I am at the point right now where I want this baby out of me, yesterday. I am uncomfortable all the time, I lost count at how many times I get up to go to the bathroom each night and my hips feel like they are going to dislodge from my pelvis. As much as I complain about how uncomfortable I am and how I so want to be done being pregnant, I can’t help but think that my life will never be this easy again – ever.
Let me explain. Right now, Baby Perla goes everywhere I go; we’re a package “Kangaroo-like” deal. I don’t have to worry about packing a bag each time we leave the house. I don’t have to think about bundling a baby up each time we go anywhere. The baby is warm, quiet, happy, quiet and content inside the womb, did I mention quiet? My body feeds the baby on its own. I can go to work, go shopping and go to Doctor appointments with ease (except getting in and out of the car). Once Baby Perla arrives, he/she will still be going everywhere with me, but with much more gear, equipment and difficulty!

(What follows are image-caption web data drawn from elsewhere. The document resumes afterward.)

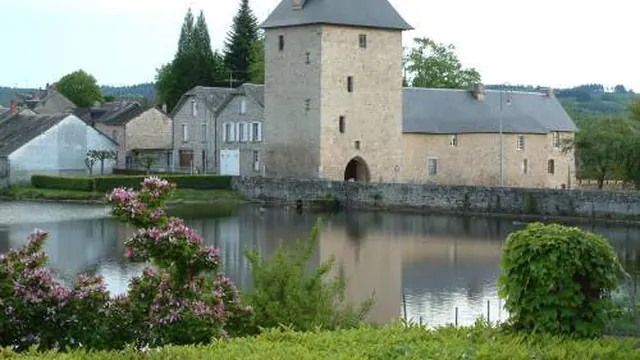 Photo de Peyrat-le-Château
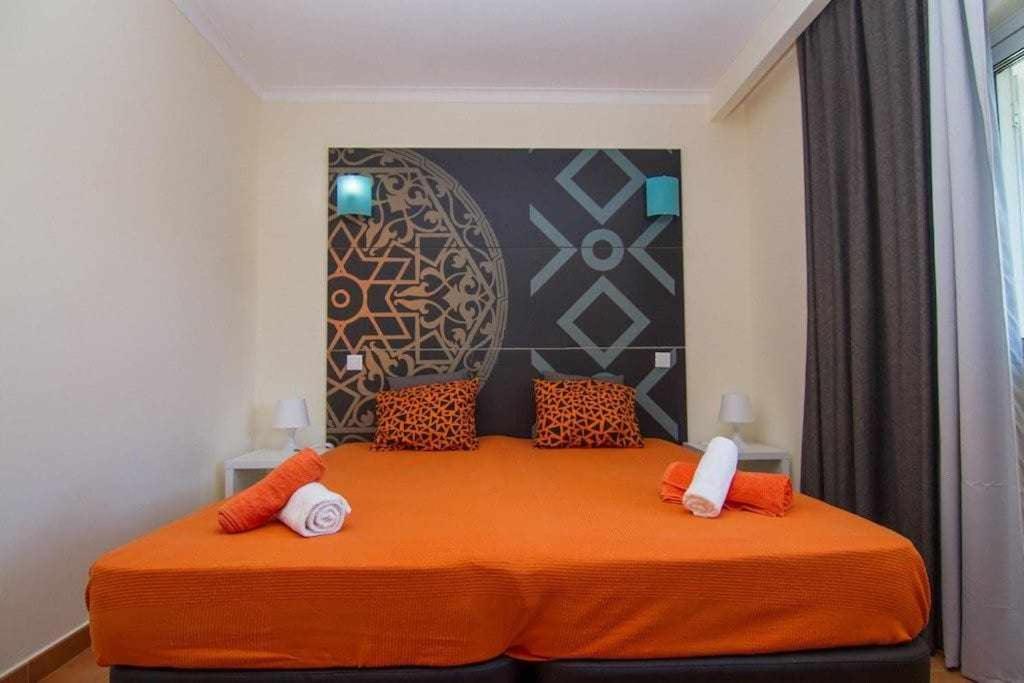 Sunhome Casas De Ferias Em Portimão Zimmer foto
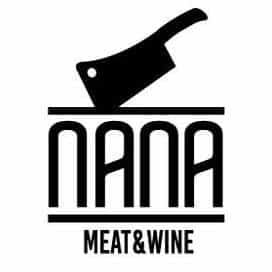Immagine di copertina del ristorante Nana Meat & Wine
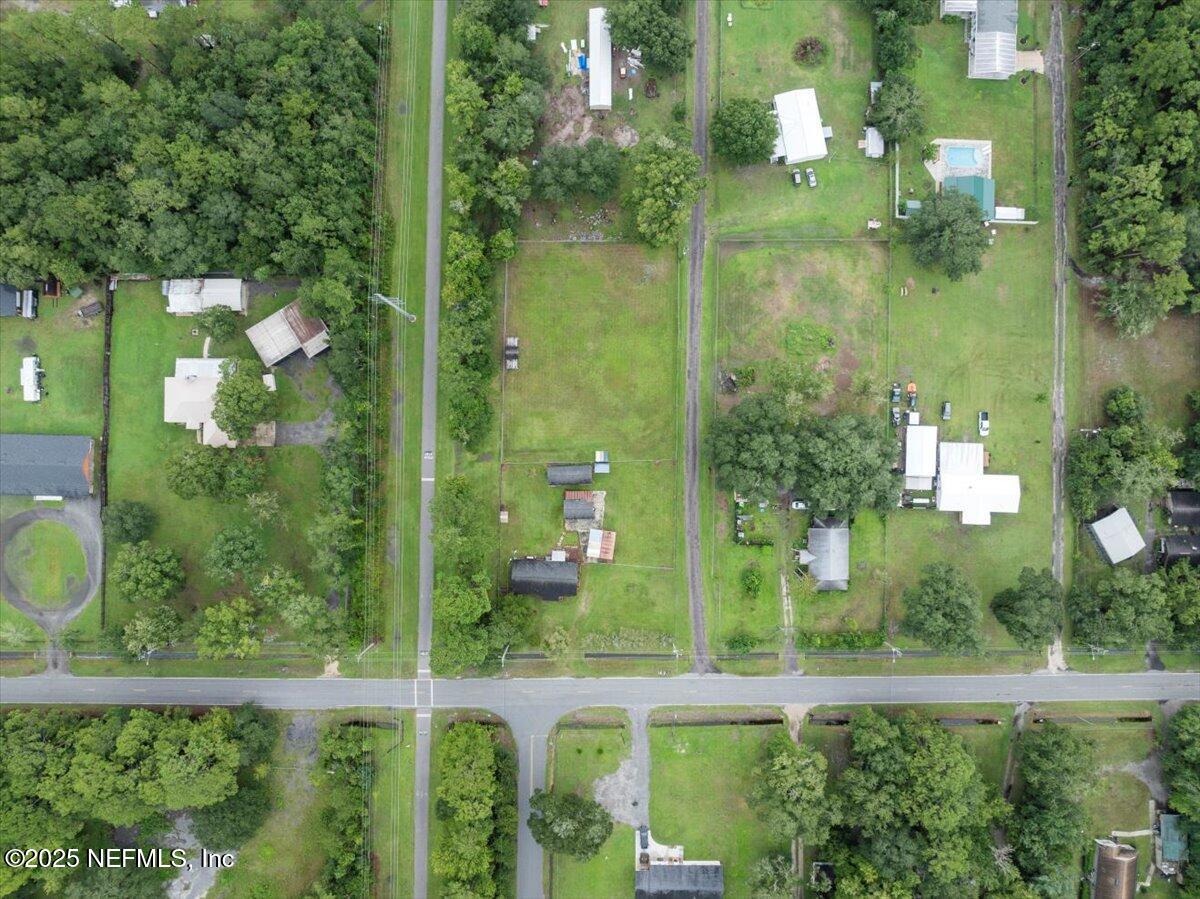 1541 JONES Road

Although my everyday life has not changed much, it will in a few short weeks. I am okay with that, in fact, I can’t wait for it all to change. Yes, some things will be more challenging then they are now. My life will be completely turned upside down. I am a creature of habit, so all my routines will go out the window. But, what other time in life can you be so excited for your life to change so drastically?
Although parts of my everyday life may be simple right now, I am aware that it will all change. And that is okay because something is missing right now from our family. That something will make its entrance into my and Brian's life and fill every ounce of our hearts with love.